*Exercise details*:
Transcribe nothing except the lines below that run from the one with "现在有哪些黑网贷可以借钱2025年推荐，总结五个无视逾期大数据花户黑户app" to the one with "Nube Hithata Sinhala Song MP3", ends included, and do not copy any picture.

*Record excerpts*:
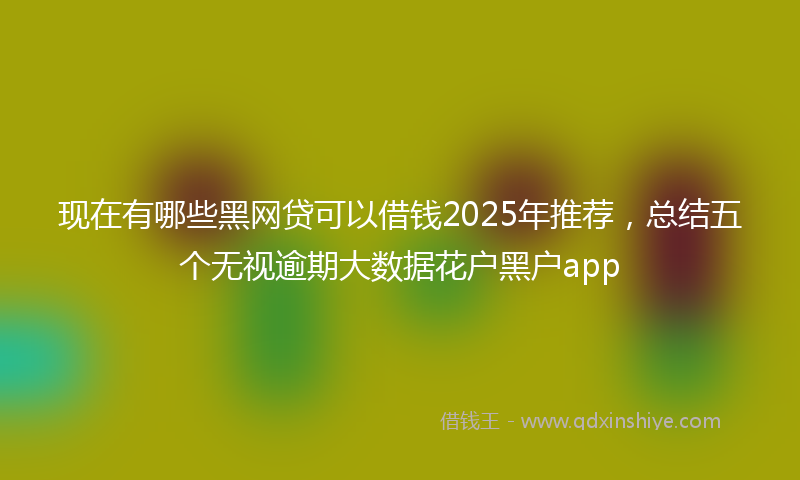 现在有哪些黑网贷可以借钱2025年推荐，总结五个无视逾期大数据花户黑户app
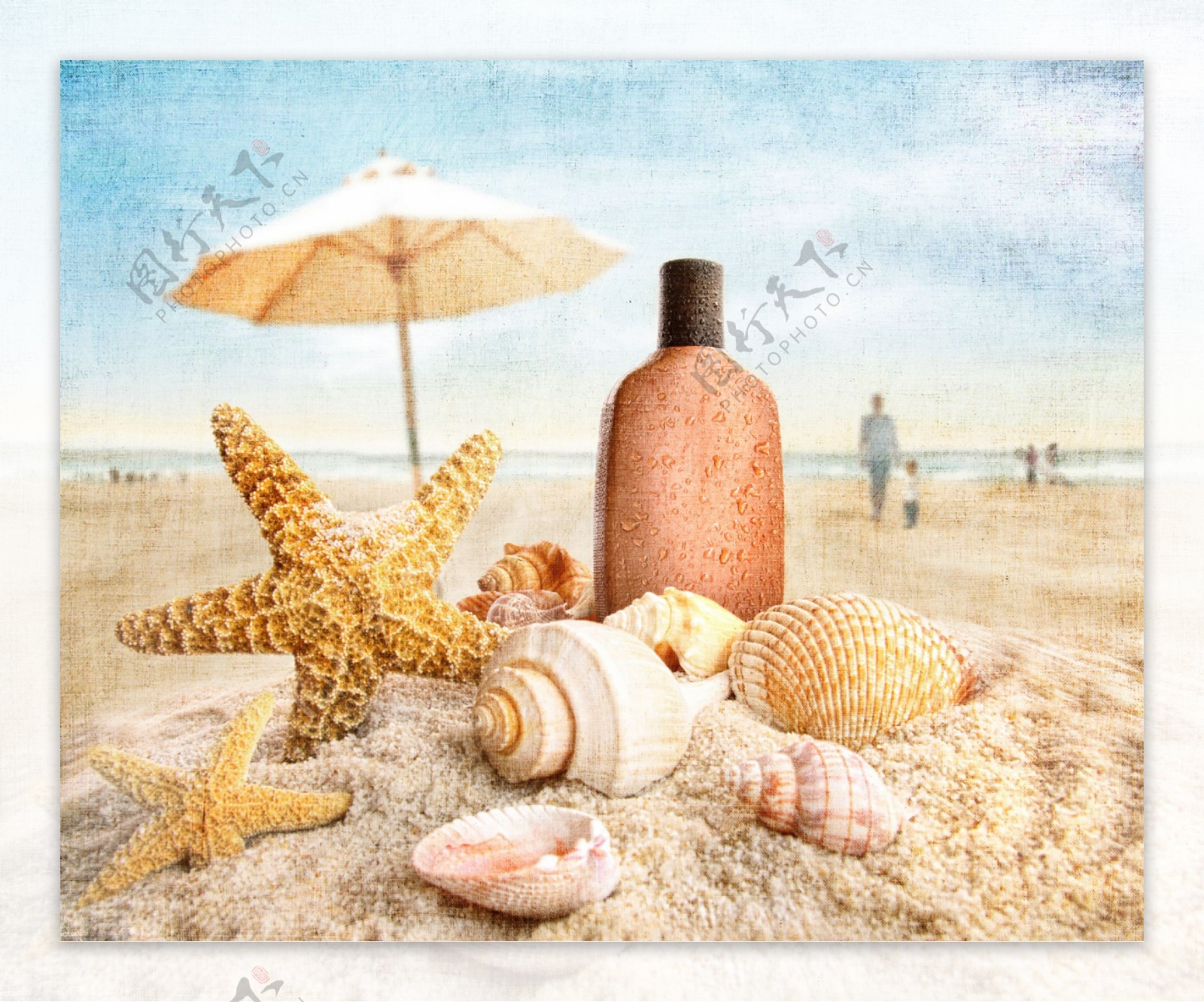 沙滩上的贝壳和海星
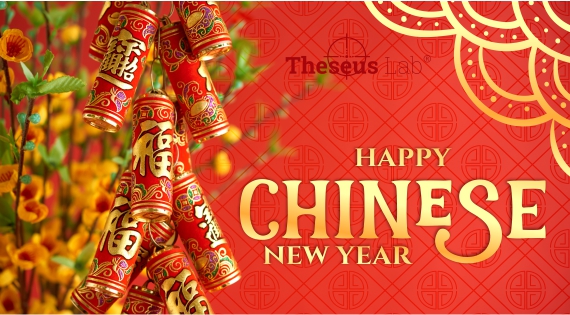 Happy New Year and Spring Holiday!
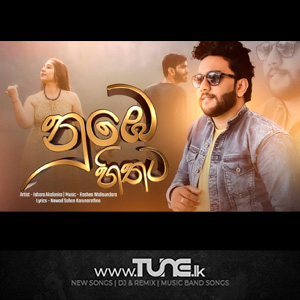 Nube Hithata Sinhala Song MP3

==

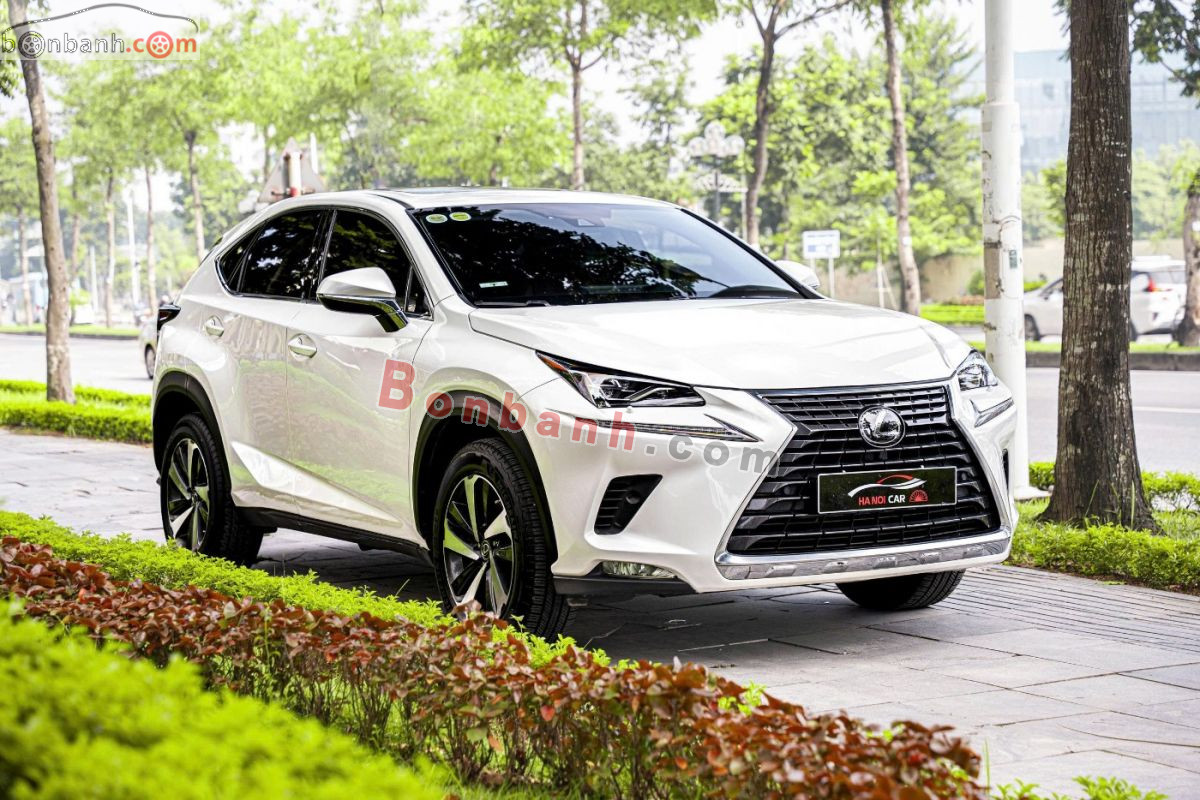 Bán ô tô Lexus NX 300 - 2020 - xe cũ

--

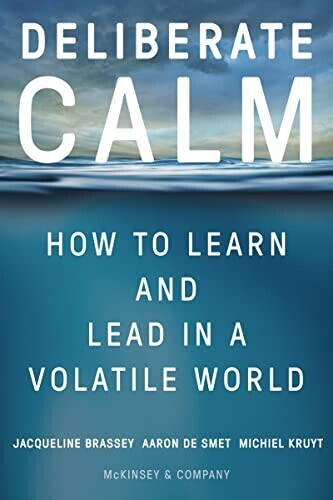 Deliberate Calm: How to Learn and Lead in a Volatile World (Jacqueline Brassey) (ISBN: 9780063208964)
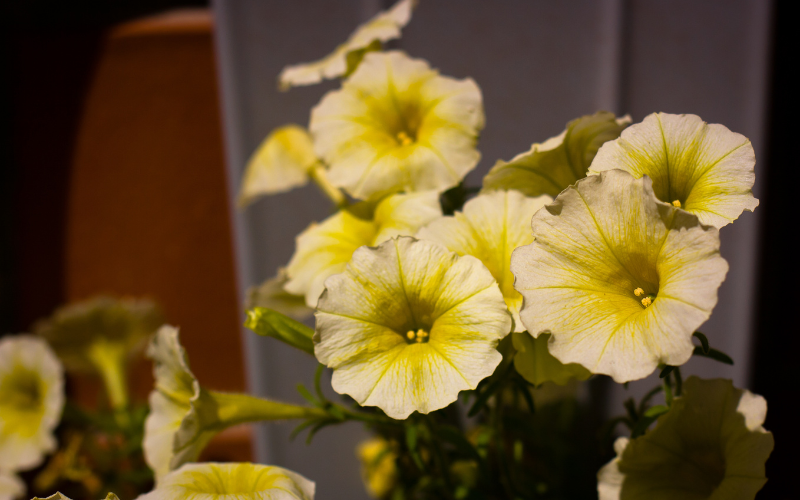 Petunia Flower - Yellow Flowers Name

*Response to the task*:
 现在有哪些黑网贷可以借钱2025年推荐，总结五个无视逾期大数据花户黑户app
 沙滩上的贝壳和海星
 Happy New Year and Spring Holiday!
 Nube Hithata Sinhala Song MP3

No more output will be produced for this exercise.